> **Problem**:
Each line from the one containing "Hi there! I" to the end of the entries below is to be set down exactly; the pictures are not.

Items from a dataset
──────────

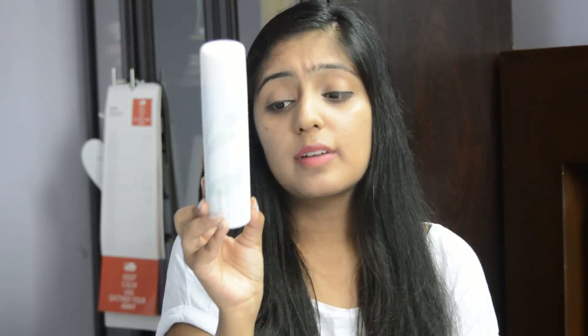I bought the bigger package — 150 ml for 750 rupees. There was also a smaller package for around 350 rupees, about 75 or 50 ml — you can check that. Whenever I'm feeling sweaty and gross I just spray it on my face and feel super refreshed. It also helps with makeup fixing — I had makeup on, sprayed it, and my makeup stayed on for a pretty long time. If you live in Delhi or a very humid or heated area, you need this.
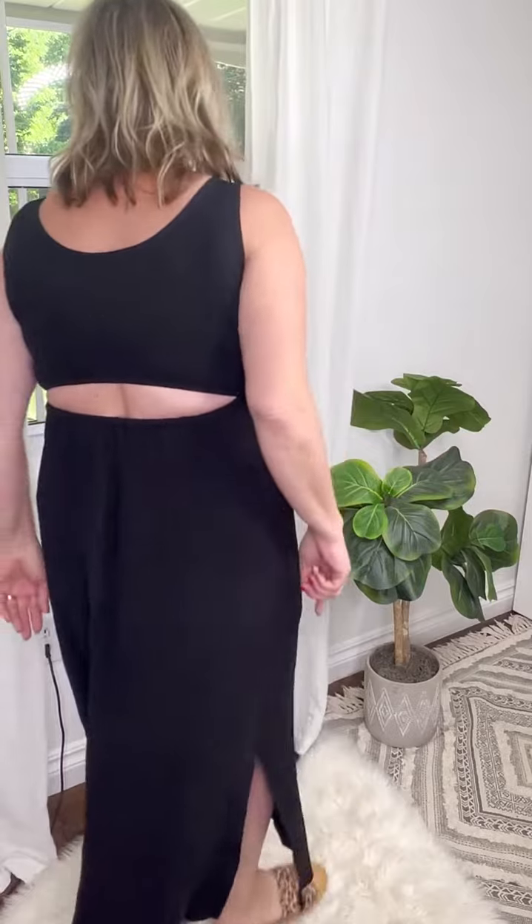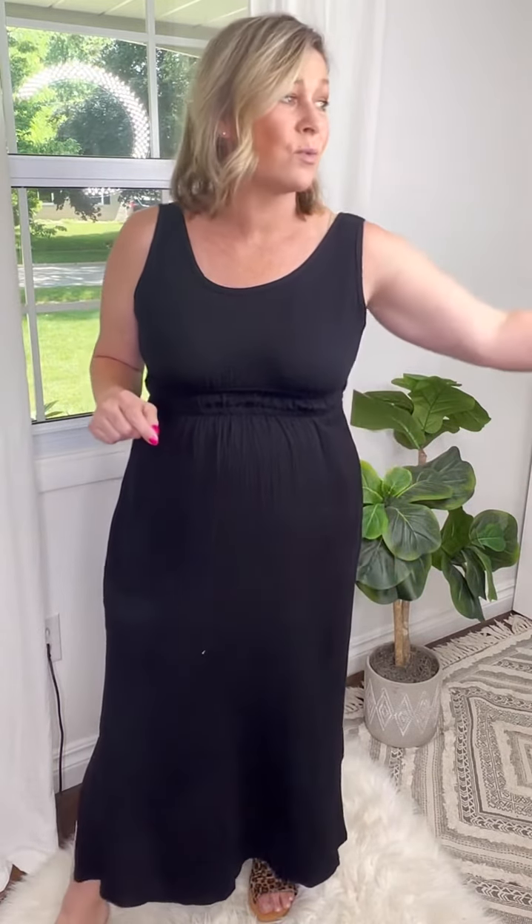So again, the back. Sizing wise, I stock true to my size in this. I am a medium wearing the medium and I am 5'5". This is more of a maxi style — it's just above my ankles but would look good even on a midi if you are taller. My suggestion is to stick true to your size in this one, and maybe even grab both colors.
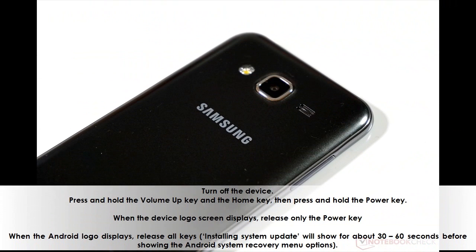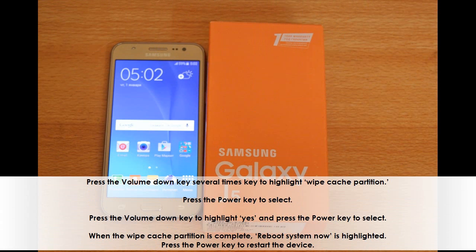Here's how you do it. Turn off the device. Press and hold the volume up key and the home key, then press and hold the power key. When the device logo screen displays, release only the power key. When the Android logo displays, release all keys. An 'Installing system update' message will show for about 30 to 60 seconds before showing the Android system recovery menu. Press the volume down key several times to highlight Wipe Cache Partition, then press the power key to select. Press the volume down key to highlight Yes and press the power key to select. When the wipe cache partition is complete, Reboot System Now is highlighted. Press the power key to restart the device.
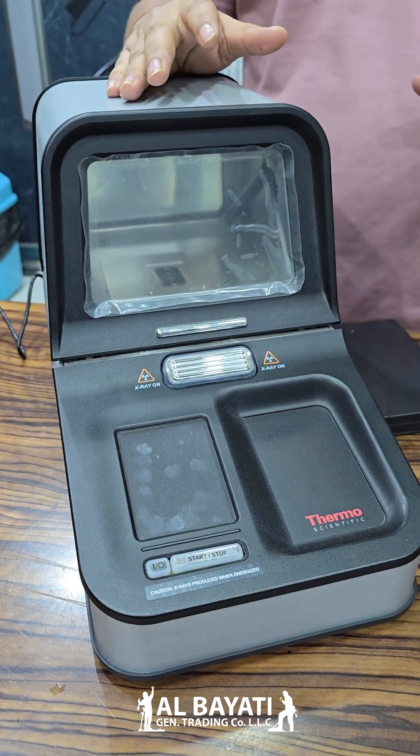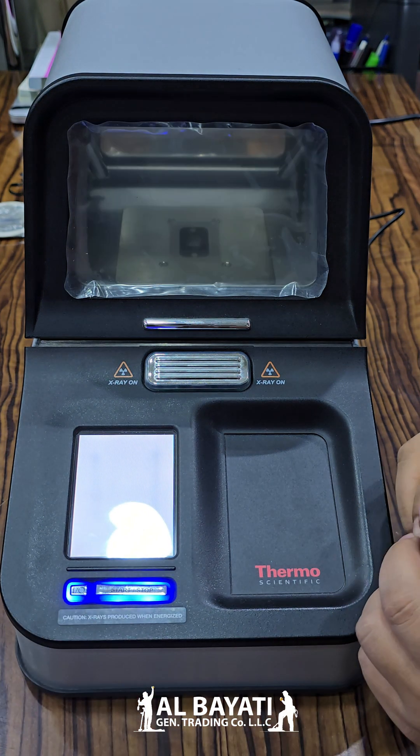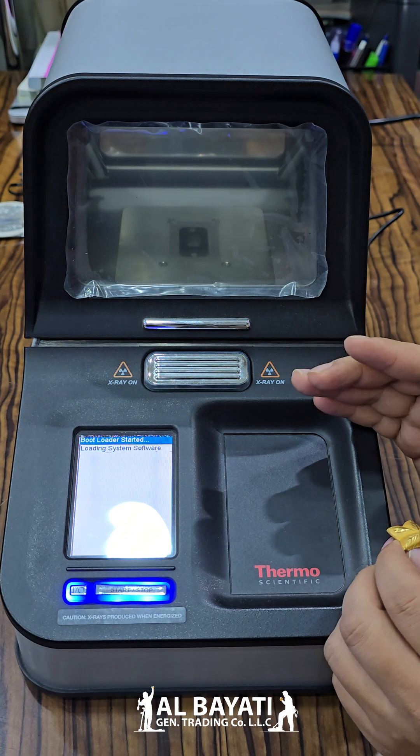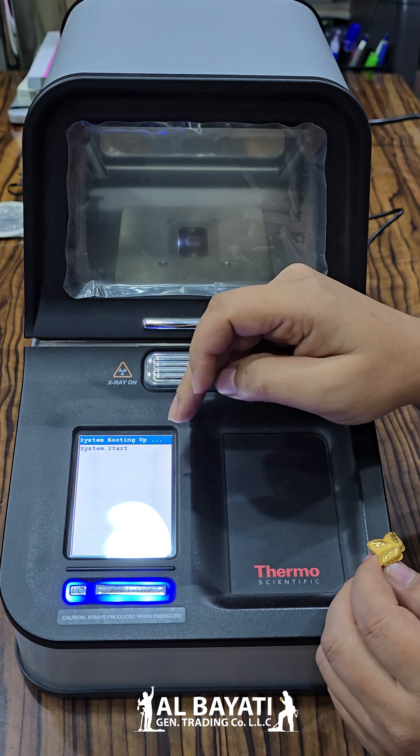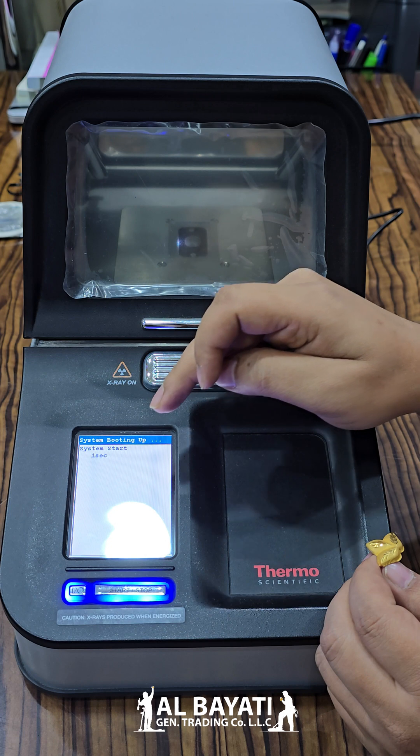I will show you how to use it. You press this starting button. Now it starts. Come in right here. Hold for 5 seconds — 4, 3, 2, 1. Start now.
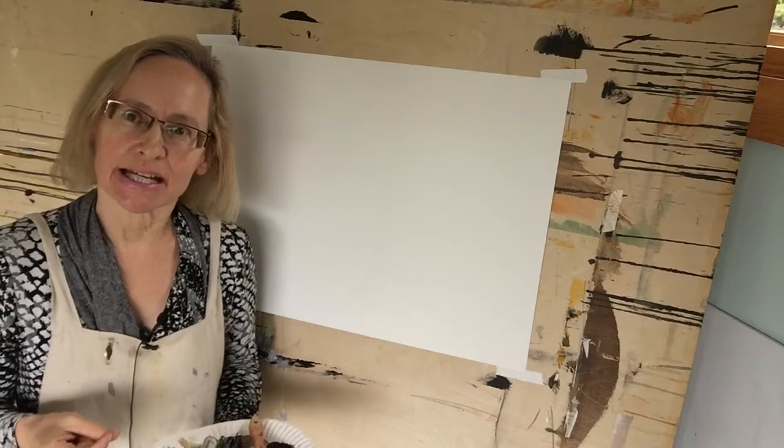Hi there! I wanted to guide you today in an exercise that's been very important in my development as an artist, and that is the six mark hat exercise.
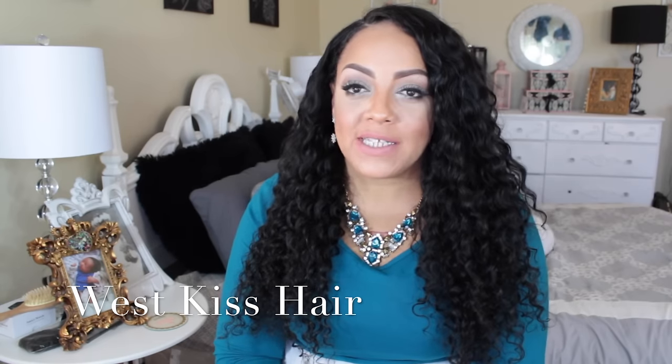I did get an email from a vendor called West Kiss Hair on AliExpress, and I got some long inches this time. I'm 5'3" and I don't really do longer than 22, sometimes 24, but this time around I got 26 inches — 26 inches of virgin Malaysian straight hair. So let's get into this hair.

──────────

> **Solution to this task**:
Hi there! I wanted to guide you today in an exercise that's been very important in my development as an artist, and that is the six mark hat exercise.
I did get an email from a vendor called West Kiss Hair on AliExpress, and I got some long inches this time. I'm 5'3" and I don't really do longer than 22, sometimes 24, but this time around I got 26 inches — 26 inches of virgin Malaysian straight hair. So let's get into this hair.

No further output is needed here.